Parameter Setting
Our main GI algorithm script has many different parameter settings available here we will give a brief summary of the different parameters and behaviours available and how to use them.
Parameter |
Type |
Description |
---|---|---|
run_number |
Integer |
Id number for current run provided by user |
run_name |
String |
Id name for the current run provided by user |
populationSize |
Integer |
Number of individuals in the population |
generationCount |
Integer |
Number of generations to continue training in the current run |
sourceFile |
String |
File containing the original function code to be optimized |
outFolder |
String |
Directory for output files |
codeFile |
String |
File name to give to the temporary code saved out during code assignment |
function |
String |
Name of the function to be optimized |
prefunction |
String |
File containing the component code pre the function |
postfunction |
String |
File containing the component code post the function |
performanceTests |
List of Strings |
List of data files used for testing performance against evolved individuals |
mutPercentage |
Decimal |
The percentage of the population in each generation to have a mutation applied |
hgtPercentage |
Decimal |
The percentage of the population in each generation to have a mutation applied |
mutWeights |
List of Decimals |
The probability of different mutations being selected: insert before, insert after, modify, delete. The array is normalised so doesn’t have to add to 1. |
metrics |
List of Integers |
Passed to code assessment to dictate the metric used to measure the assessment results |
metric_interval |
Integer |
For multiple metrics the frequency in number of generations with which to change to next metric |
dynamic_weights |
Boolean |
If true switches alternative mutation weights in based on metric_interval |
altMutWeights |
List of Decimals |
Provides alternative mutation weights in same format as mutWeights |
performance_interval |
Integer |
Frequency in number of generations on which performance of the individuals is tested on unseen data |
elite |
Integer |
Number of top individuals to transfer directly into the next generation |
current_metric |
Integer |
Initially set to first metric in metric list and stores the correct current metric during run |
trainingFile |
String |
Data file to be used for training individuals |
staticWords |
Integer |
Number of lines to take from start of data file |
sampleWords |
Integer |
Number of lines to be sampled at random from data file with uniform probability |
synthWords |
Integer |
Number of words/lines to be generated based on length and character frequency |
synthFromSample |
Boolean |
Generate new words from sampled words rather than full file |
log_all |
Boolean |
If true all individuals code is saved, if false only best individual of each generation is saved. False is recommended as alternative has very high storage requirements. |
currentWeights |
Decimal |
The weights being used by the system currently, change between generations if alternative weights are in use. |
testerFile |
String |
The compiled “.o” file for the tester which should be used |
Metrics
Our existing tester for hash functions supports three different metrics:
Speed - \(s_n\), Just the clock speed time plus time penalties for individual \(n\)
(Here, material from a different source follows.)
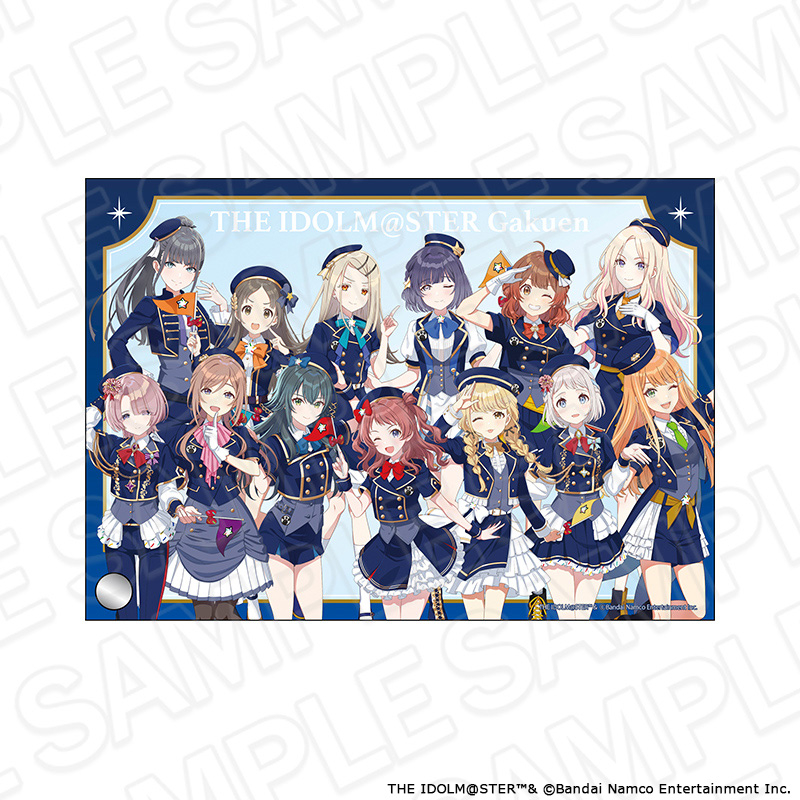 学園アイドルマスター ミニアクリルアート 遊園地 ver. - 公式商品画像 | AniSmile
Speed and Short Code Length - \(s_n+5l_n\), where \(l_n\) is the token length of the individual
Speed and Long Code Length - \((s_n-(s_n%10)) + 5(200-l_n)\)
Time penalties are 10 milliseconds, this is enough to overcome the timing noise and enough to effect the overall results without being so much that a single error would completely fail the code.
Data treatments
These parameters are designed to allow for four different data treatments:
Static
Sample
Synthetic
Synthetic and Sample mix
In this case we are referring to what we do with a pre-existing list of “words”.
A static treatment draws words from the start of the file and so returns the same set of words every generation. Otherwise a sample draws words at random from the whole file with an equal probability of selecting any word, this gives a different set of words every generation with possible overlap dependent on the size of the original data file. The synthetic data treatment analyses the whole file of words for word length and character usage, those distributions are then used to generate a set of random string “words”, this will give a more unique set of data for each generation. For a synthetic and sample mix we take a smaller sample, use the sample to generate the length and character usage distributions and then generate the rest of the “words” from those distributions. This will give not just a distinct set of words but will include a mix of real words and random strings with a different letter distribution each time.